Why One UI 8.5 matters

One UI 8.5 arrived as the software layer that packages many of the Galaxy S26’s AI advances. Rather than keeping those tools exclusive to the newest flagship, Samsung is extending parts of the suite to prior S- and Z-series phones through One UI 8.5. That move shifts the conversation: software-driven improvements now matter as much as silicon or camera hardware when deciding whether to upgrade.

In practice, One UI 8.5 isn’t a single “AI switch.” It’s a collection of features — some lightweight and broadly compatible, others tied to on-device performance or regional services — that Samsung is selectively enabling on supported phones.

What Galaxy S26 AI features are being ported

According to reporting and Samsung’s rollout details, One UI 8.5 brings four core Galaxy AI experiences from the S26 family to older devices. Broadly, these include:

  • Smarter call handling and assistant enhancements, such as improved Call Screening and AI-driven call summaries.
  • Generative editing and camera enhancements for cleaner photos and simpler retouching.
  • Contextual, proactive suggestions that surface at the right time (Now Nudge / Now Brief-style features in limited form).
  • Enhanced system-level assistant behavior (an updated, AI-aware Bixby experience).

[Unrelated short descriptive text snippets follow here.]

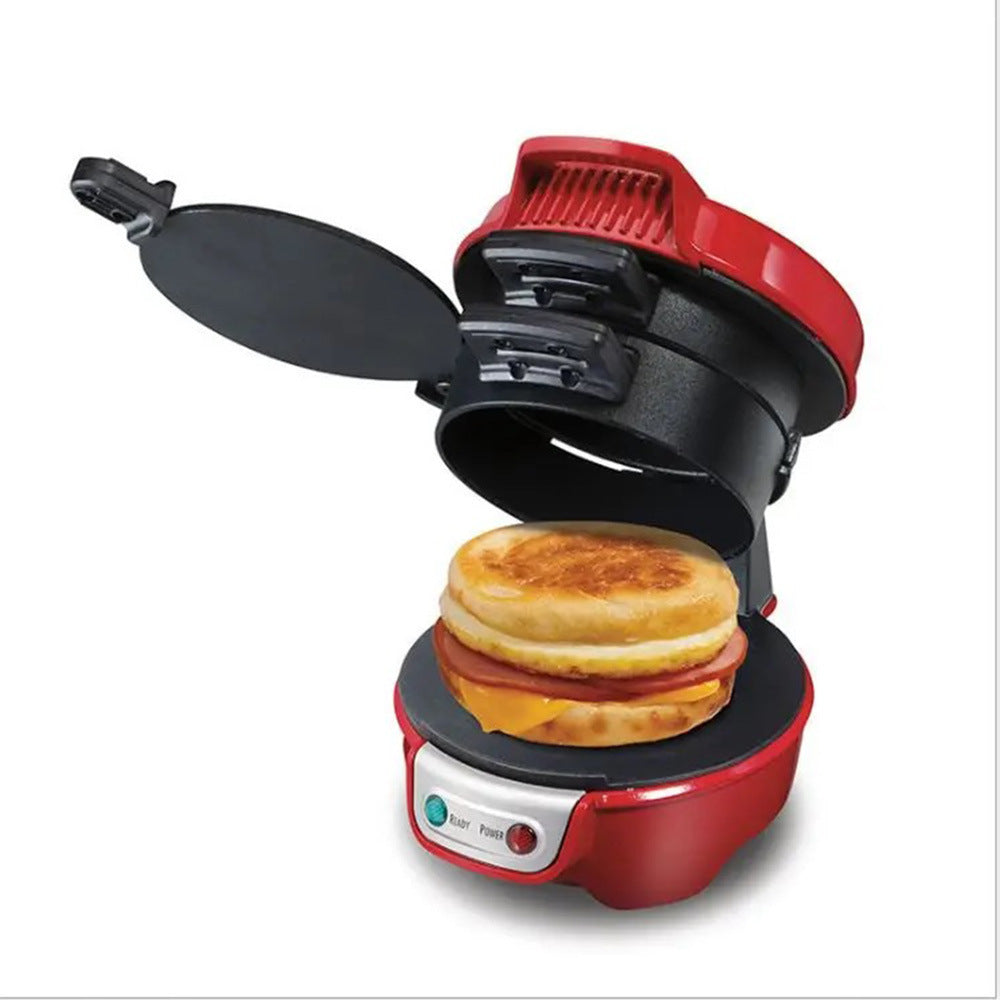 Bytevero™ 110V Hamburger Maker Sandwich Machine Fried Egg Toaster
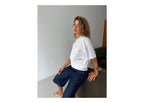 Nude Project I Need A Break Tee White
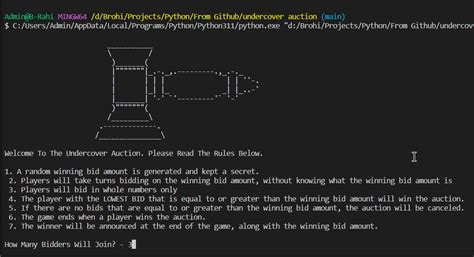 Image result for Python Program Auction Online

Some features depend on device capability and region. The full “agentic” AI tools Samsung highlighted on the S26 — the ones that autonomously run multi-step workflows across apps — largely remain exclusive to the S26 lineup because they require greater on-device compute or stricter integration with Samsung’s cloud/agent systems.

Which phones are getting One UI 8.5 AI features

SamMobile compiled a list of models that will receive the Galaxy S26 AI features via One UI 8.5. While Samsung’s schedules vary by market and carrier, the headline recipients include:

  • Galaxy S25 series (S25, S25+, S25 Ultra) — full priority for the One UI 8.5 feature set.
  • Galaxy S24 series (S24, S24+, S24 Ultra) — many Galaxy AI features are arriving here.
  • Galaxy S25 FE and S24 FE variants — selected features depending on hardware.
  • Some Galaxy Z Fold and Z Flip models (recent Z-series releases) — selective support for camera and assistant features.

Additionally, Samsung has confirmed broader One UI 8.x rollouts across other Galaxy families (tablets and newer A-series in later phases), but the most immediate beneficiaries are last year’s and last-but-one S-series phones. Exact availability depends on carrier testing and regional releases; many devices entered beta programs in early April 2026 and have been moving to stable channels since mid-April. (sammobile.com)

How the experience will differ across devices

Not every phone will get the full S26 experience. Expect differences along these lines:

  • Performance: Features that rely on heavy on-device inference (real-time multitasking agents, advanced image generation) may be limited or run slower on older chips.
  • Feature parity: Some “agentic” automations and proactive services remain S26 exclusives, at least initially.
  • Region and carrier: Services that integrate with cloud-based assistants or telephony functions sometimes roll out selectively by country due to regulations and partnerships.
  • Updates cadence: Beta testers and unlocked models often see updates before carrier-locked phones.

So, while you’ll likely get the headline AI improvements (smarter call features, improved photo edits, assistant refinements), the most advanced autonomous AI functions may still be reserved for the S26 series. (sammobile.com)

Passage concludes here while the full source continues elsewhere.